Architecture questions at year end: what to settle before 2015

A few questions about IT architecture worth asking yourself at the end of the year - not for a report, but so that 2015 starts without unnecessary baggage.

The end of the year is a convenient time for conversations about what works and what does not. Reports are written, budgets are approved or nearly so, teams are slightly calmer than usual. This is a good moment - not for a formal audit, but for a few honest questions about the technological foundation the company is carrying into the next year.

I am not proposing a large methodology. Just a few questions that, in my experience, are worth asking now.

What we built this year and what is actually being used

Most companies launch several IT initiatives during the year. That is normal.
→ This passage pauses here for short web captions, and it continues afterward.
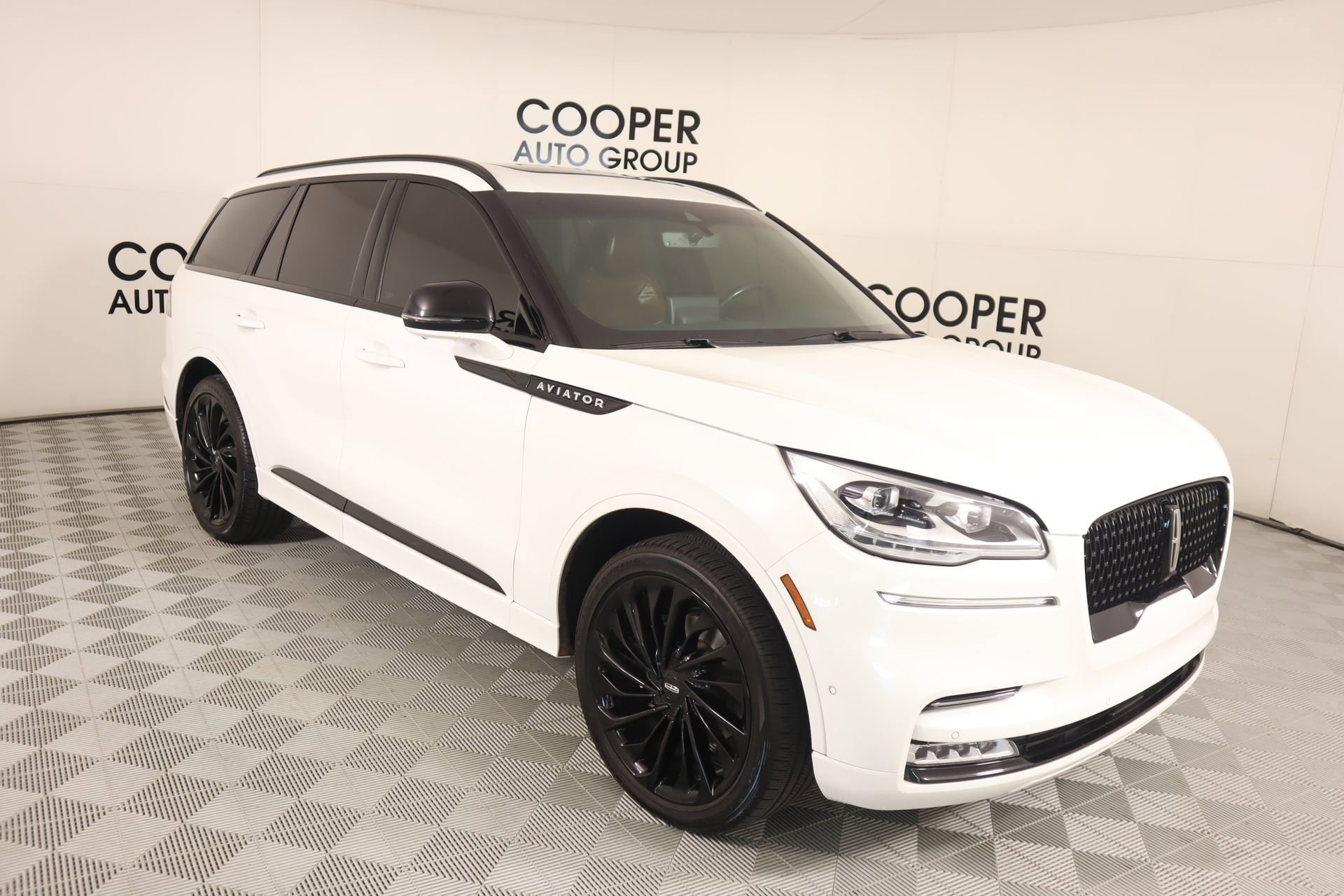 Used 2022 Lincoln Aviator Reserve w/ Equipment Group 201A image 1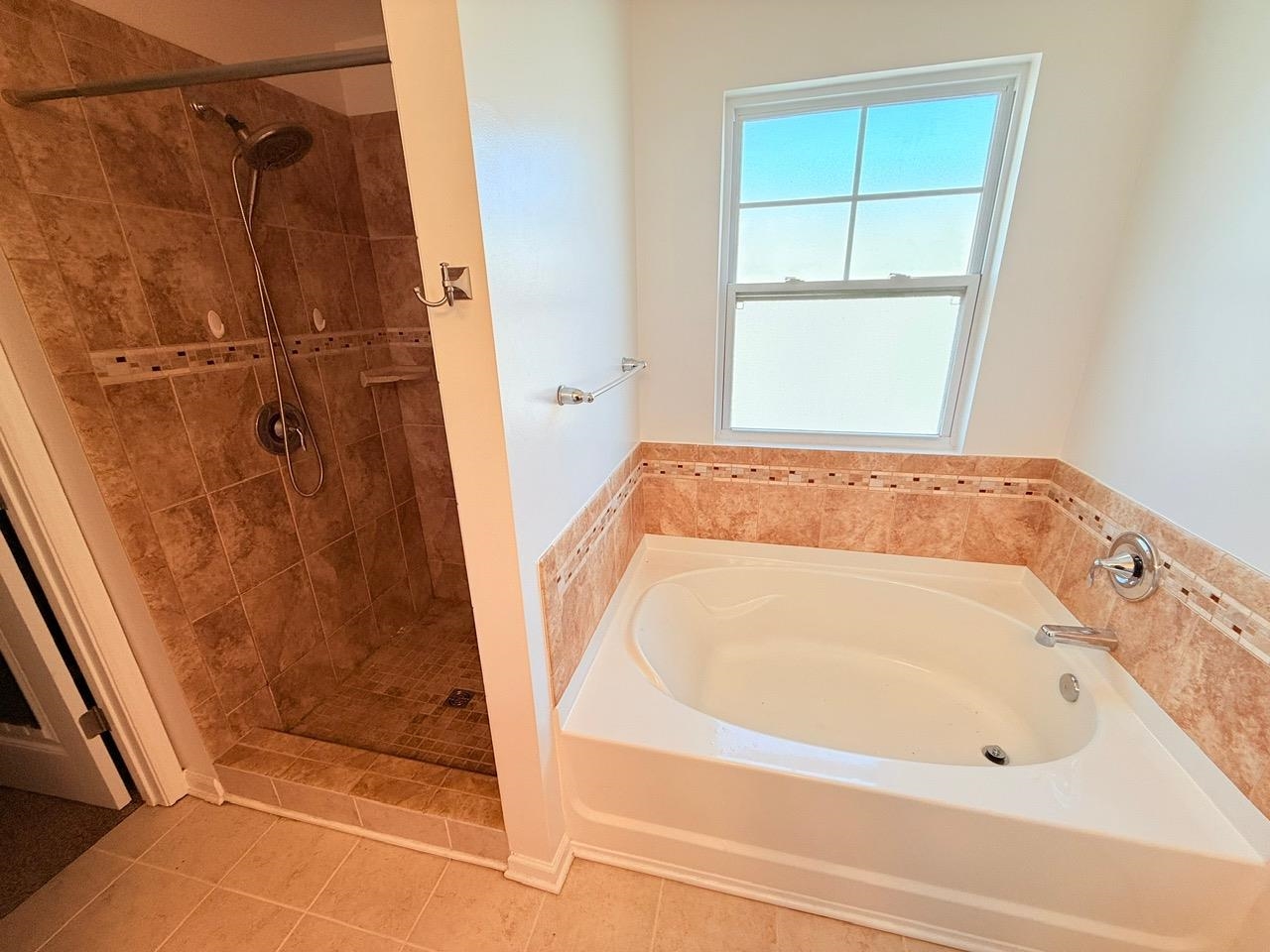 915 Oglethorpe Dr. Property Photo 23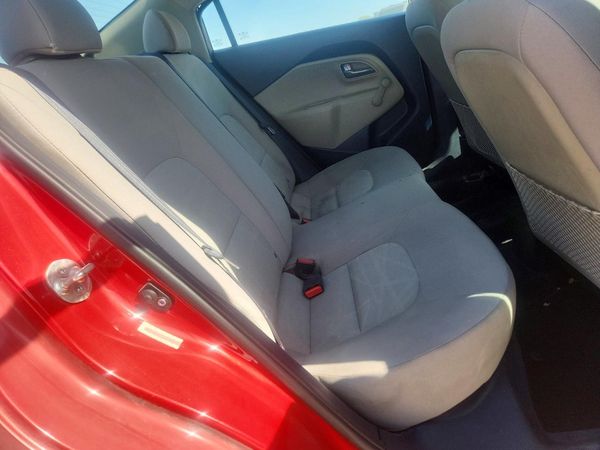 2014 KIA RIO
But by year end it is useful to answer honestly: of everything that was launched, what is genuinely being used? What has become a dusty shelf?
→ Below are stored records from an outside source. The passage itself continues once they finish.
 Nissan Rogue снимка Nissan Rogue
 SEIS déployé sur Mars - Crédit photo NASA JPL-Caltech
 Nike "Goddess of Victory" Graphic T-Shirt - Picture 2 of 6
This is not a question of project success or failure - it is a question about how we make implementation decisions. If several systems over the year were deployed and did not take hold, that is a pattern worth understanding.

Which integrations have become bottlenecks

Systems do not exist in isolation. They exchange data, call each other, depend on each other. Over time these connections accumulate and become a source of fragility: one component goes down and pulls three others with it.
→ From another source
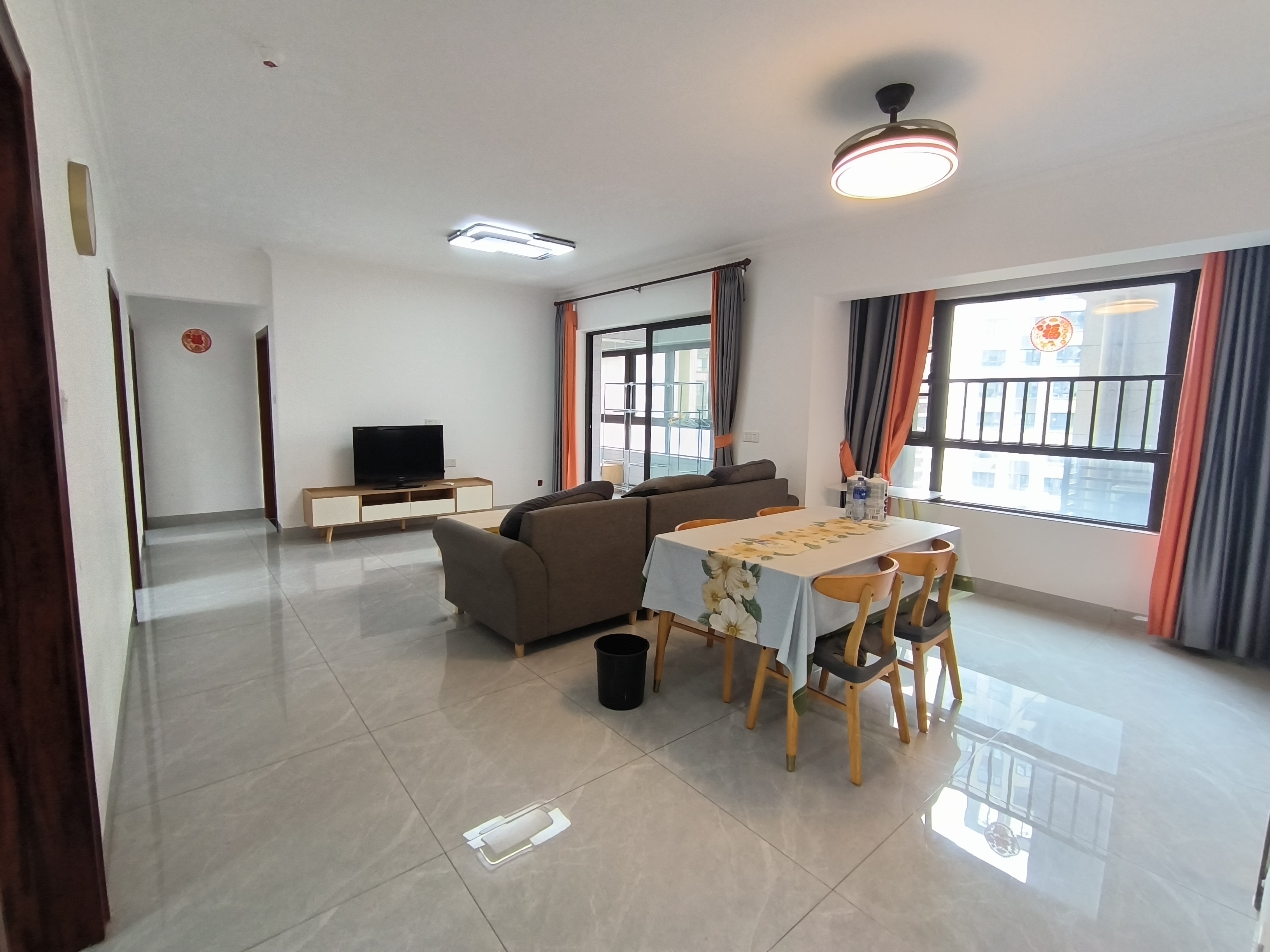 绿地海德公馆 4室2厅2卫 4600.0元/月 绿地海德公馆 4室2厅2卫 4600.0元/月室内图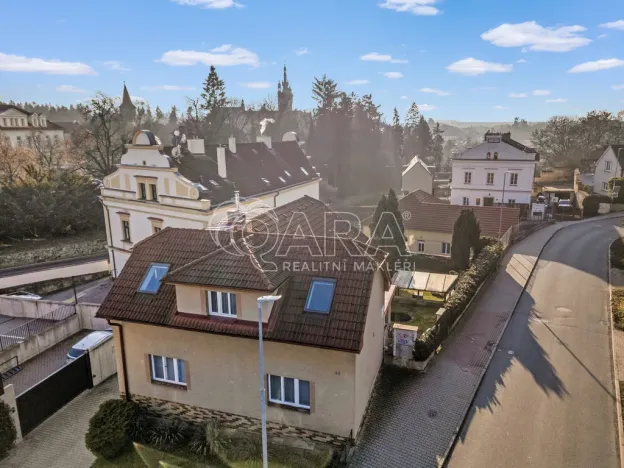 Prodej rodinného domu, Průhonice, Školní, 200 m2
At year end it is useful to draw - or ask someone to draw - a map of the key integrations. Where are the most loaded points? Where is there no monitoring? Where has something regularly broken over the past year?

How we stand with data storage and history

Data that is not preserved does not exist for analytics. Data that is preserved unsystematically is accessible only to the people who happen to know where it lives.

A question worth asking: if tomorrow you needed to answer a question about what was happening in the business a year ago - where does the answer come from? From a system, or from a specific person's memory?

If the answer is "from memory" - that is a risk that grows every year and with every team change.

What we are planning for 2015 and what technically stands in the way

Business goals for next year are usually already articulated. It is useful to go through each one and ask: is there anything in the current architecture or infrastructure that will create friction when pursuing this goal?

This is not looking for reasons to do nothing. It is early risk identification while there is still time to address things before they become urgent.

Access and accounts

A year is a good reason for a review. Of everyone who left the company this year, who still has active access? Which service accounts and API keys are running but unused? Which systems have not required a password change since they were launched?

This takes half a day for one person. And it can save considerably more if something goes wrong.

One principle for next year

Year after year I notice one thing: companies that handle technological complexity well do it not through more sophisticated tools. They do it through consistent simplification wherever it is possible.

Adding a new tool is easier than removing an old one. Resisting an unnecessary integration is harder than building it. But that discipline is exactly what determines how manageable the architecture will be in two years.

Happy 2015.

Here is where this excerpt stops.